◆ Exercise
Using the records below, write out again exactly the lines that begin at the line containing "Tosca Bel Air" and end at the line containing "Clear Tree Ornament", and no other lines.
Start of Available records
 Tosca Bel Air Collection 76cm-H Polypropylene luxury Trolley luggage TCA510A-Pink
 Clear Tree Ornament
End of Available records
Start of Available records
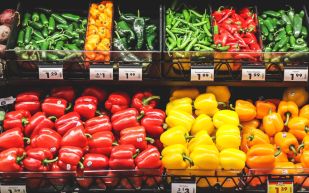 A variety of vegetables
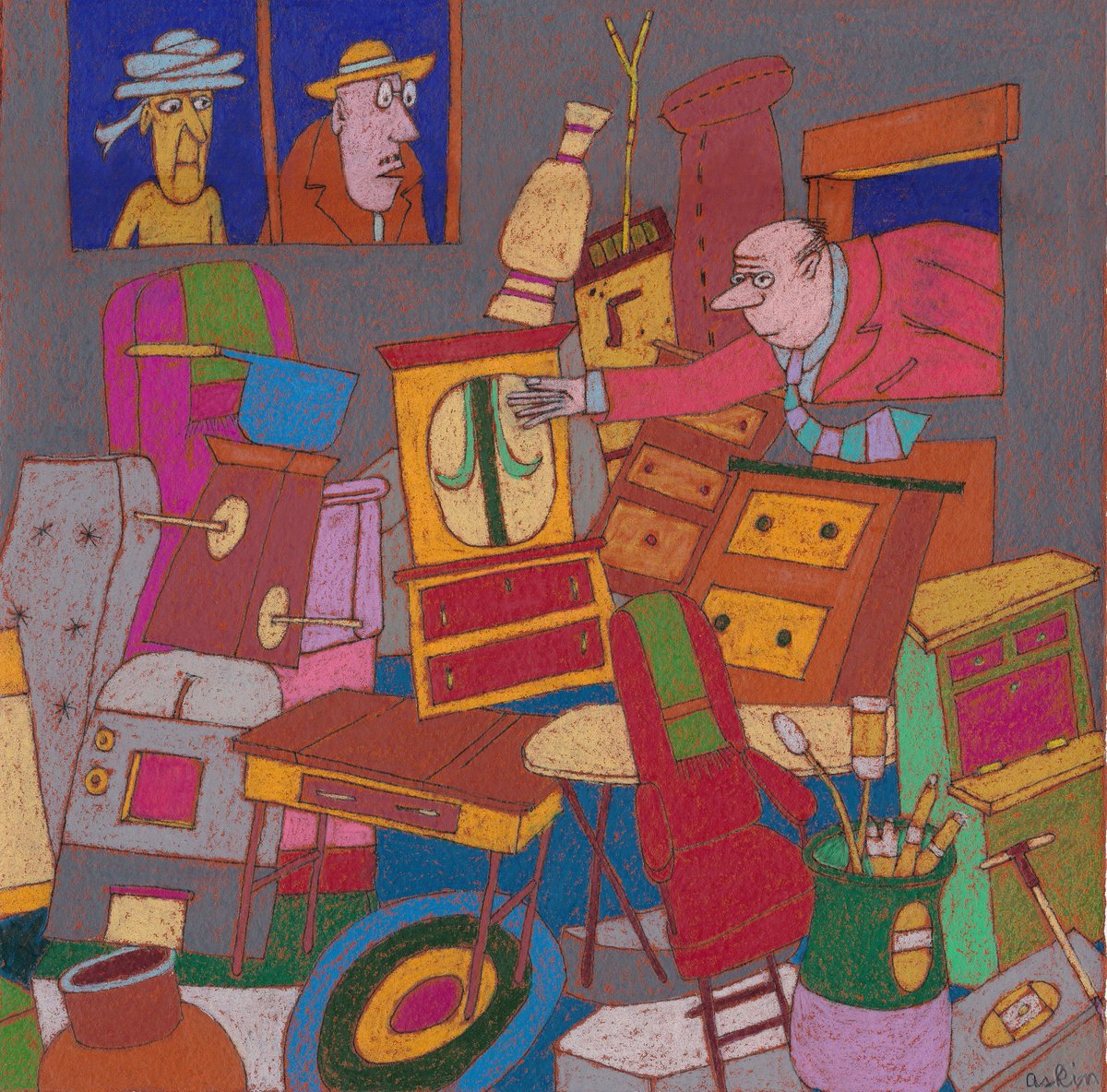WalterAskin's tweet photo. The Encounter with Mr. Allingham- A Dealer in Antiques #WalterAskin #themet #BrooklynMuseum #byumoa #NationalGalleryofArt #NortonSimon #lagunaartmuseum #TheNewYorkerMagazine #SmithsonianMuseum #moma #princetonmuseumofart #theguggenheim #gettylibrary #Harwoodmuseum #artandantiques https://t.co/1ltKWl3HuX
End of Available records
Start of Available records
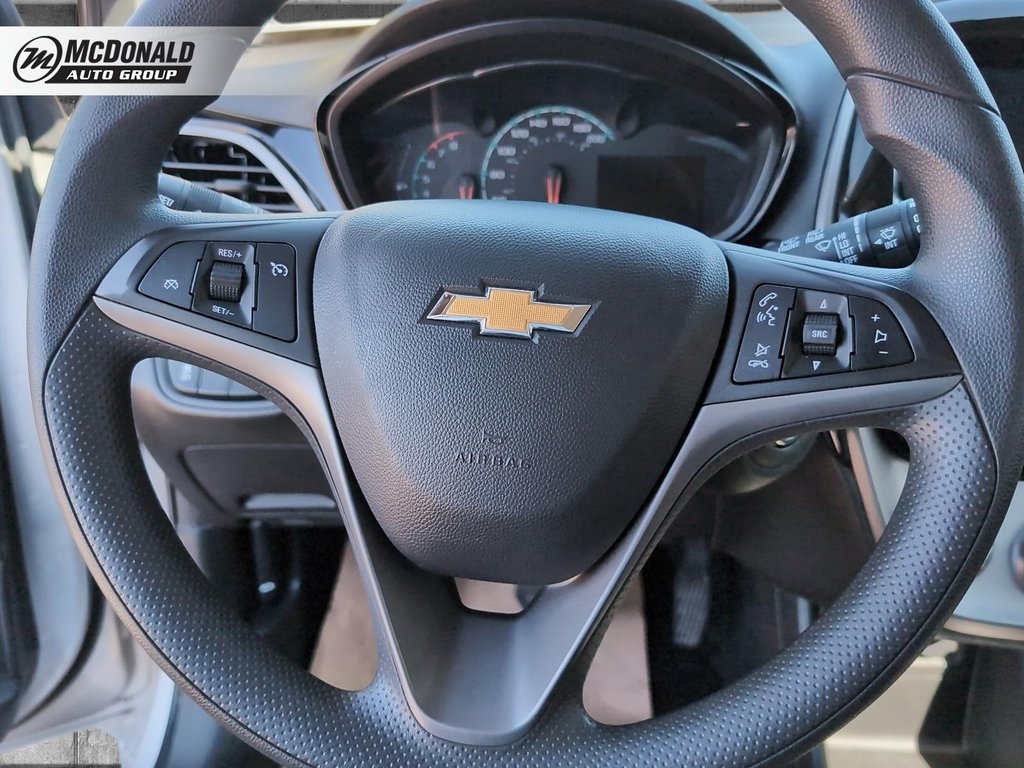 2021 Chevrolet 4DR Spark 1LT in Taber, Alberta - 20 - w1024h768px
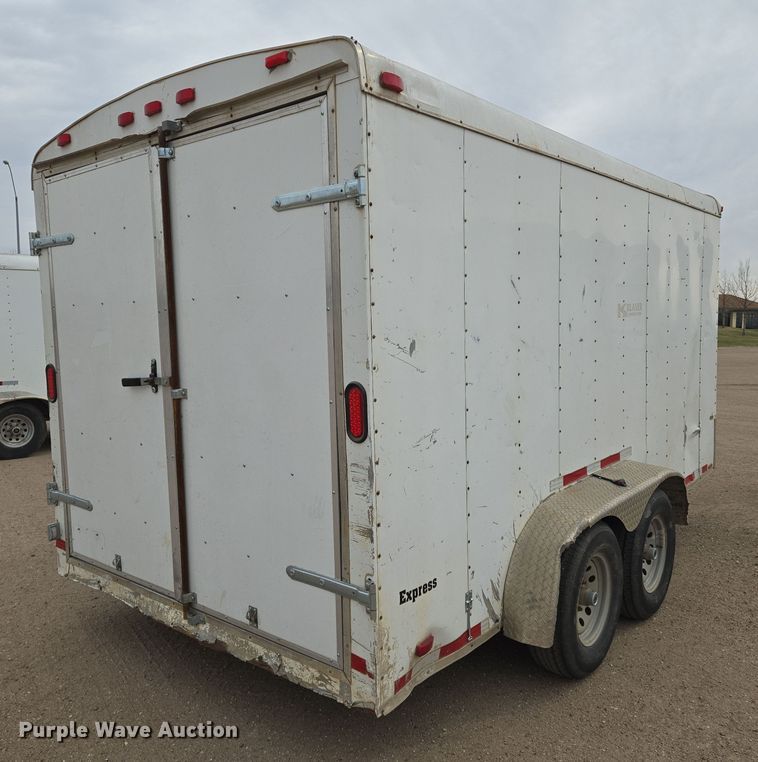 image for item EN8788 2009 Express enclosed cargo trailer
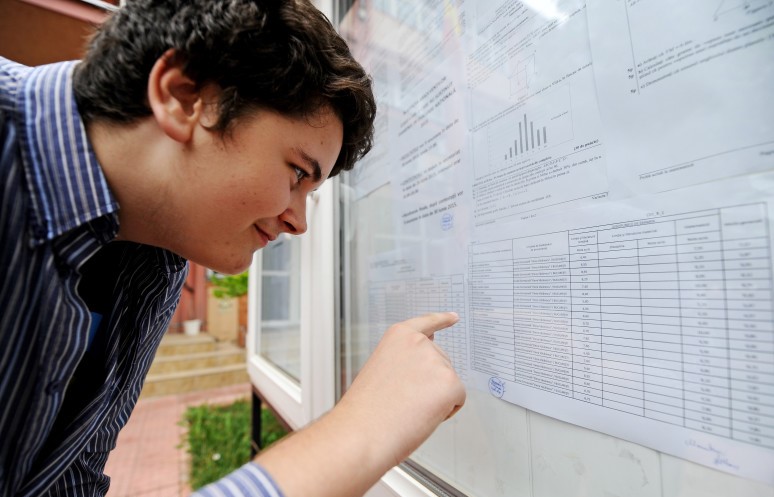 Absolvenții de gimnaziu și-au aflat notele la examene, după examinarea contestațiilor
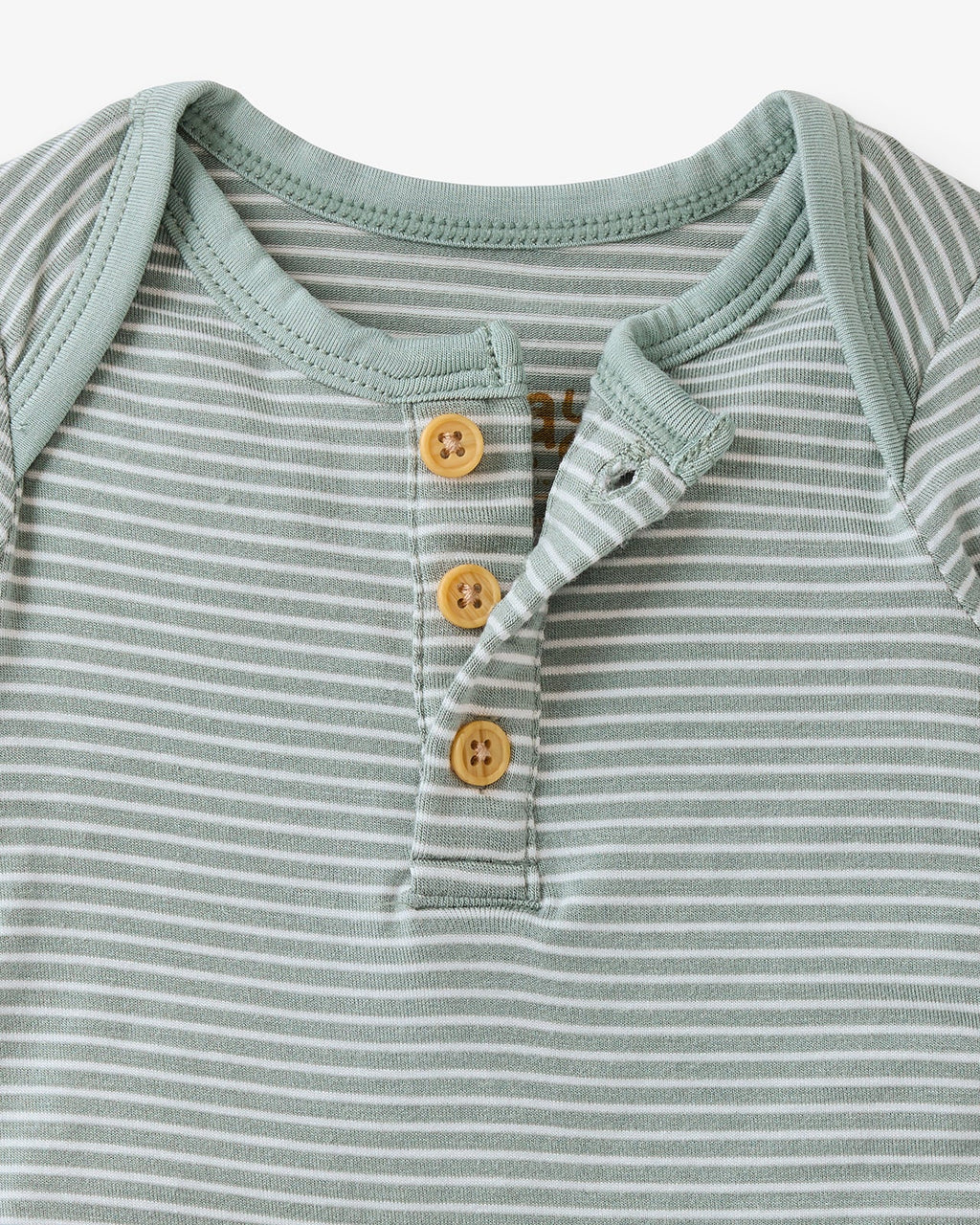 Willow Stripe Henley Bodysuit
End of Available records
◆ Task result
 Tosca Bel Air Collection 76cm-H Polypropylene luxury Trolley luggage TCA510A-Pink
 Clear Tree Ornament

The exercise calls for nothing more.